START RECORD SET

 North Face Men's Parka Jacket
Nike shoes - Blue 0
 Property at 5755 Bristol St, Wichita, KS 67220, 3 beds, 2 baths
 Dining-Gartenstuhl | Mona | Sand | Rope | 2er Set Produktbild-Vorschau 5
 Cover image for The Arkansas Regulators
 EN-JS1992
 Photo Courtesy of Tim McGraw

END RECORD SET
START RECORD SET

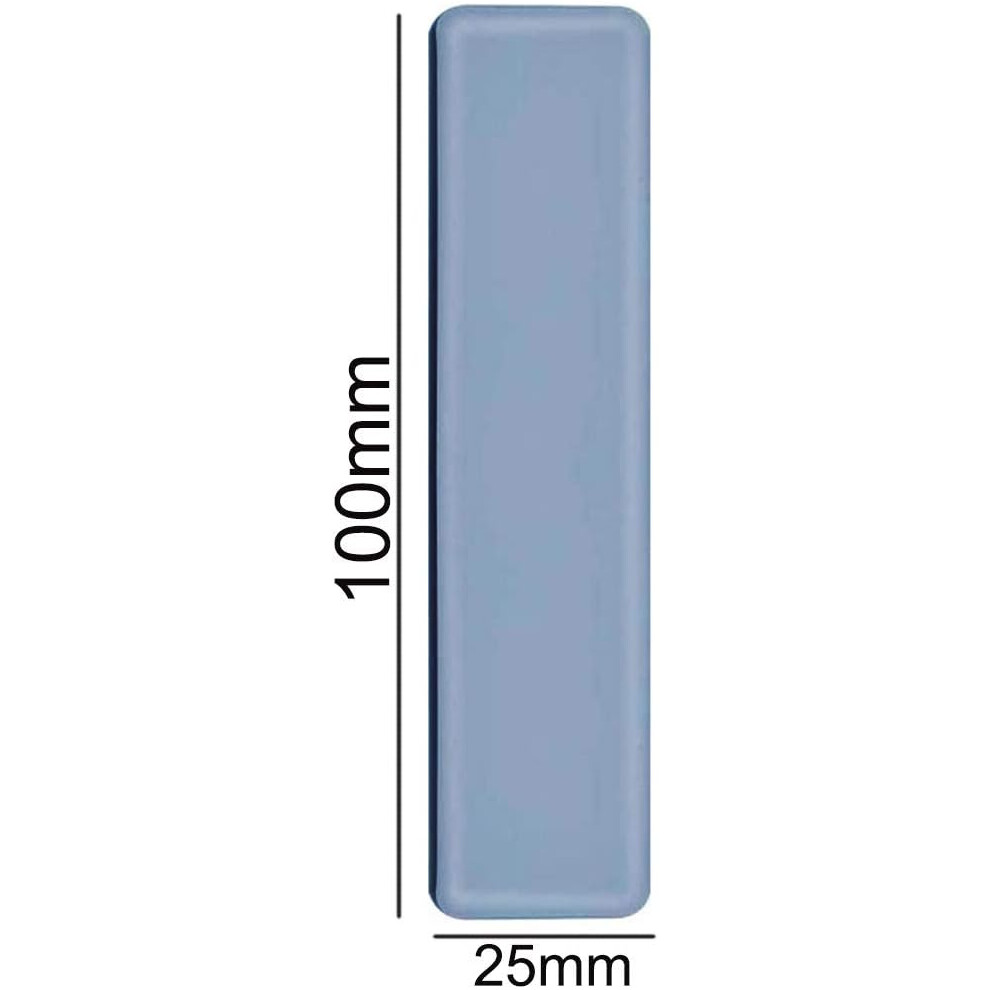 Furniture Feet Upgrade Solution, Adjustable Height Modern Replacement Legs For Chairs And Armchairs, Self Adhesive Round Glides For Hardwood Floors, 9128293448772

END RECORD SET
START RECORD SET

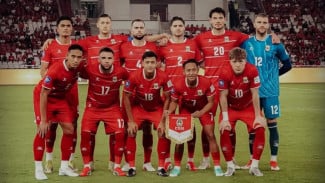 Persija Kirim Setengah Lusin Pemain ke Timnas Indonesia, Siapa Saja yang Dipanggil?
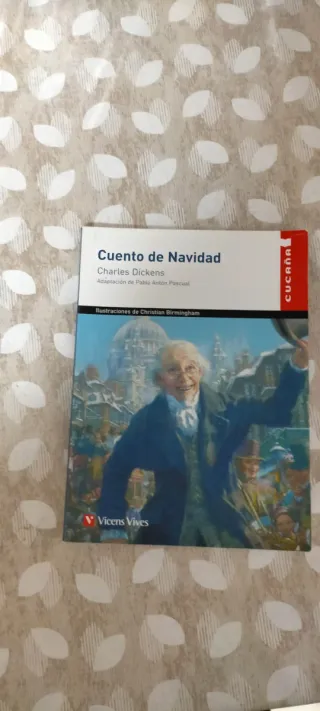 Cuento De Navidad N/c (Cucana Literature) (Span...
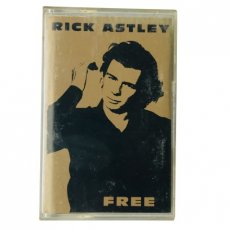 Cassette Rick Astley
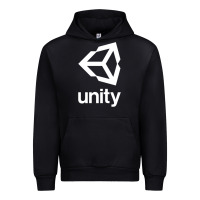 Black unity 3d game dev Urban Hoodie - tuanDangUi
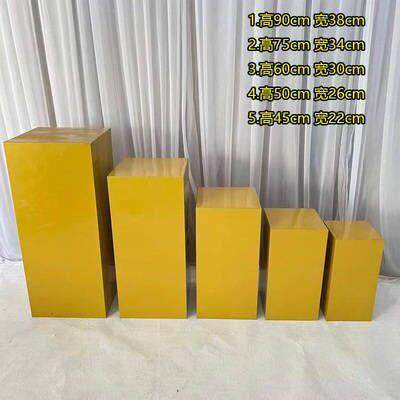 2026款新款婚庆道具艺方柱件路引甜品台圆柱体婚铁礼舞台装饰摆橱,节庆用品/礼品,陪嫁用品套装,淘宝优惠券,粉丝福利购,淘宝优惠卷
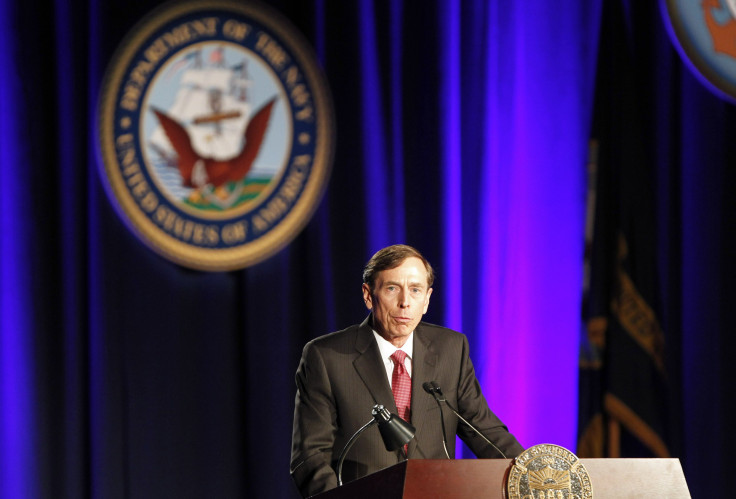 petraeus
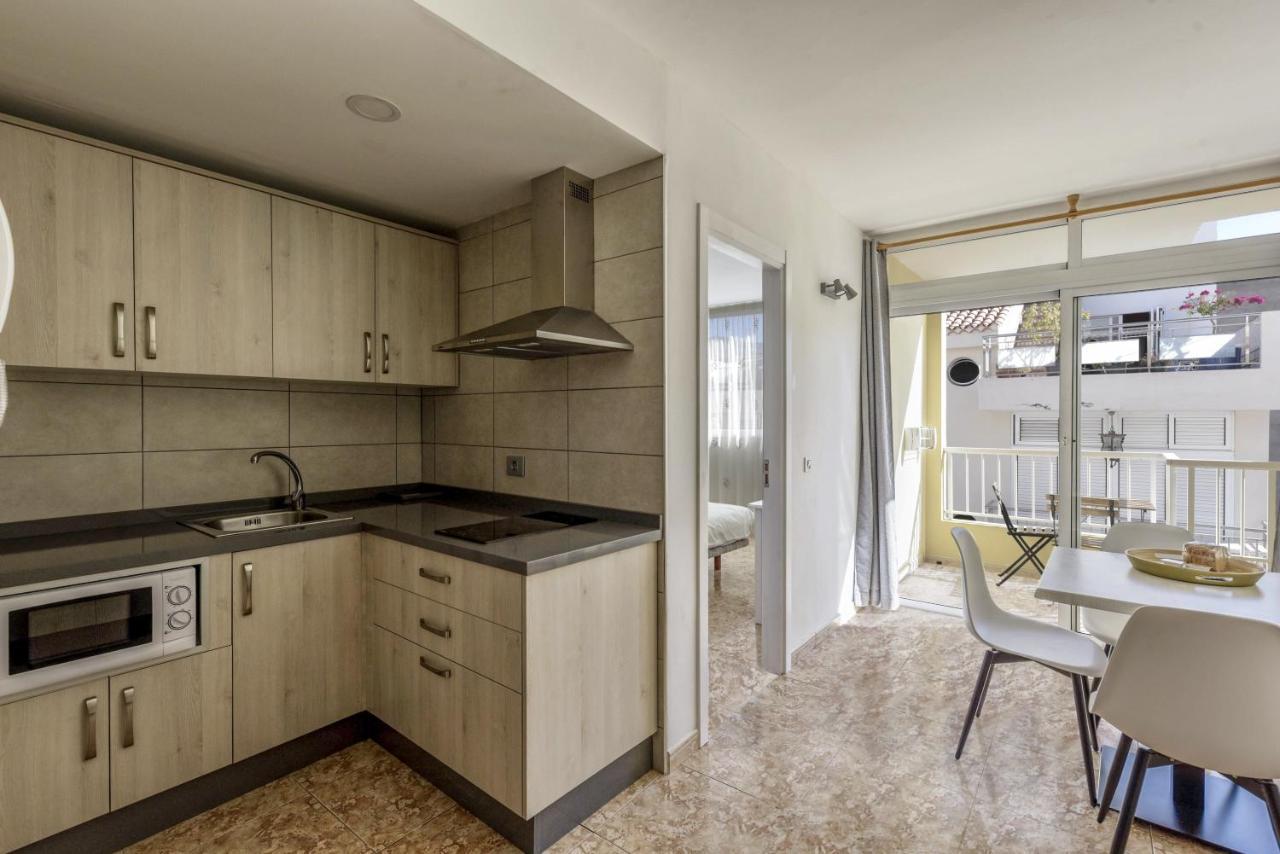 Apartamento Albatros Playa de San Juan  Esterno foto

END RECORD SET

WHAT NEEDS TO BE DONE:
Take from the material above the lines running from the one with "North Face Men's Parka Jacket" through the one with "Photo Courtesy of Tim McGraw", and repeat them exactly, with nothing else.

ANSWER:
 North Face Men's Parka Jacket
Nike shoes - Blue 0
 Property at 5755 Bristol St, Wichita, KS 67220, 3 beds, 2 baths
 Dining-Gartenstuhl | Mona | Sand | Rope | 2er Set Produktbild-Vorschau 5
 Cover image for The Arkansas Regulators
 EN-JS1992
 Photo Courtesy of Tim McGraw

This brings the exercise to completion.